Quoiqu’il en soit, lorsque les années 1990 voient une réactivation du travail sur Marx, la problématique dont je viens de parler a non seulement bien mieux « résisté » que d’autres, mais occupe une place non négligeable. Alors que nombre d’auteurs issus des années 1960/1970 se sont éloignés de Marx, Jean-Marie Vincent poursuit son travail avec obstination. Outre de nombreux articles, il produit trois livres : Critique du travail. Le faire et l’agir (Puf, 1987), Max Weber ou la démocratie inachevée (Félin, 1998) et Un autre Marx, Après les marxismes (Page deux, 2001).

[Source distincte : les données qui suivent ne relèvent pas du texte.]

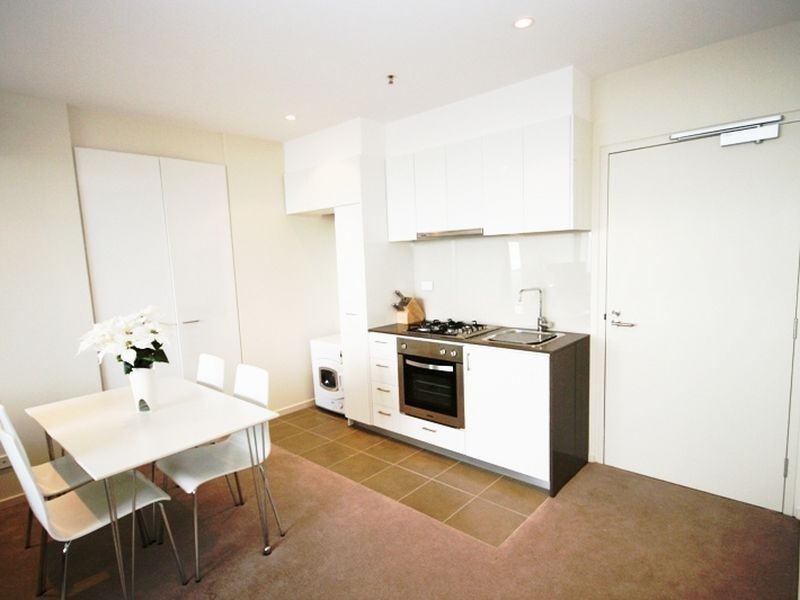 2407/380 Little Lonsdale Street, Melbourne VIC 3000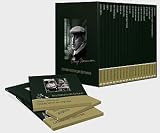 Otar Iosselianis complete filmography on [19 DVD COLLECTORS BOXSET EDITION][ PAL][REGION 5][IMPORT]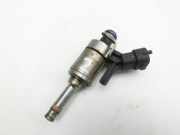 Peugeot 308 I CC T7 07-11 1,6 110KW Einspritzdüse Einspritzventil Zyl.2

Dans ce parcours, Critique du travail représente une étape importante. D’abord, tout simplement, parce qu’il s’agit d’une œuvre majeure. Ensuite, parce que Jean-Marie Vincent y poursuit sa lecture « non économiste » de Marx, en la portant sur la perspective même de l’émancipation. Il critique la valorisation du travail qui a marqué une bonne part de la tradition marxiste et, au-delà, une problématique d’émancipation centrée sur l’autoréalisation de l’individu dans le travail enfin débarrassé de la domination du capital. Il faut certes libérer le travail de cette domination, mais également se libérer du travail. Mon livre Travail et émancipation sociale, Marx et le travail se situe explicitement dans cette filiation, même si Jean-Marie Vincent n’était pas d’accord sur certaines de mes conclusions. [5]

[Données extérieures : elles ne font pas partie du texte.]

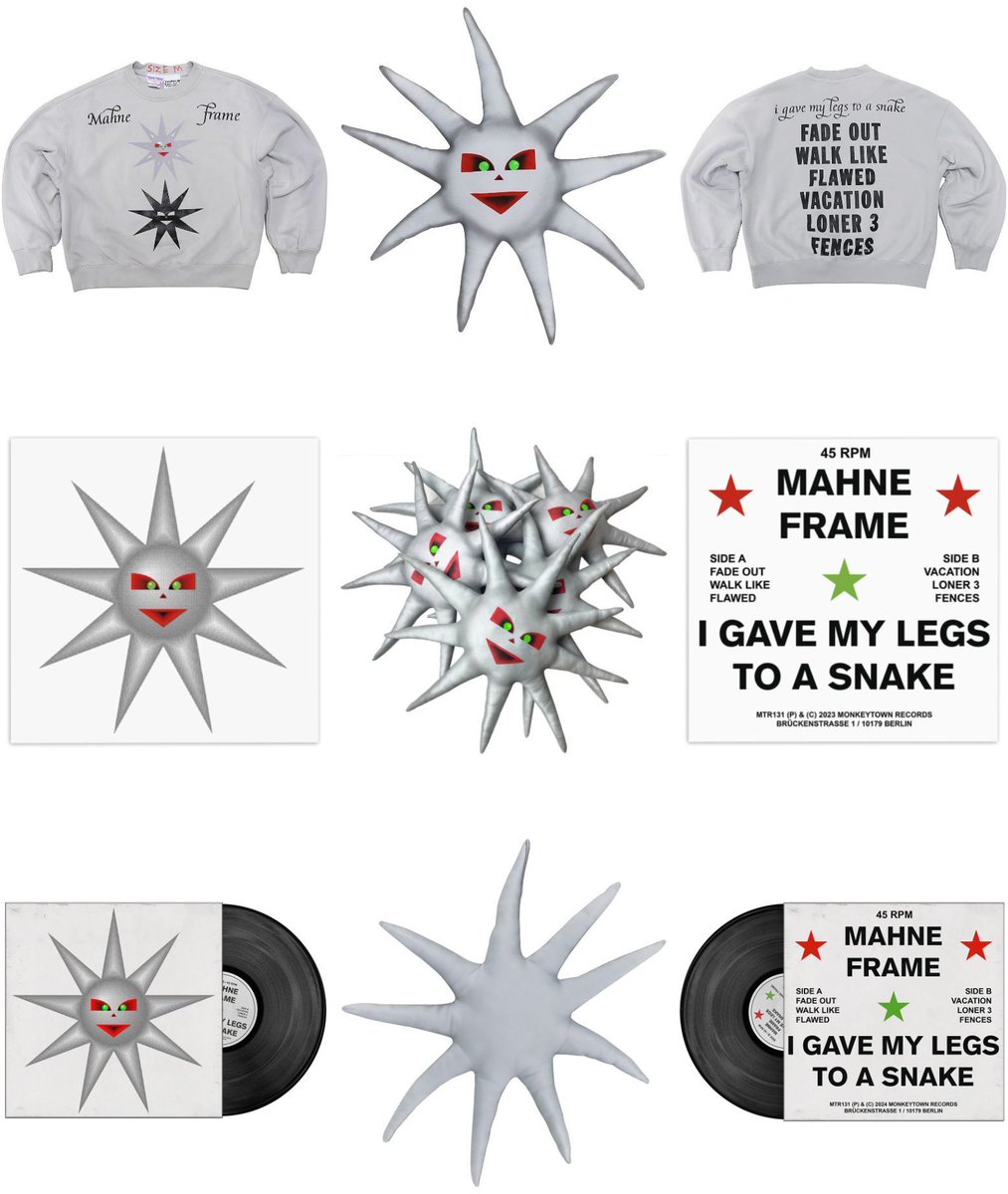 RADD LOUNGE tweet media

Pierre Salama et Tran Hai Hac publient Introduction à l’économie de Marx (La Découverte, 1992) qui est, à mon avis, la meilleure présentation contemporaine de la théorie marxienne de la forme valeur. Pour ceux qui voudraient en avoir un exposé systématique et très clair, je ne peux que conseiller la lecture des deux premiers chapitres de ce petit livre. Peu de temps après, Etienne Balibar publie, dans la même collection, La Philosophie de Marx (La Découverte, 1993) où il expose - avec pertinence et en mettant en évidence ses enjeux « théorico-phlilosophiques » - la théorie du fétichisme, son lien avec la théorie de la valeur et ses différences avec la théorie de la réification du Lukacs d’Histoire et conscience de classe. Je le signale parce c’est, sans doute, la première fois qu’un auteur, qui a été lié au courant « althusserien », le fait avec autant de clarté. J’ai organisé à cette occasion dans Critique Communiste (n°140, hiver 1994) une longue discussion entre Jean-Marie Vincent et Etienne Balibar sur cette question. Une « première », un peu tardive, qui a donné lieu à des échanges de grande qualité.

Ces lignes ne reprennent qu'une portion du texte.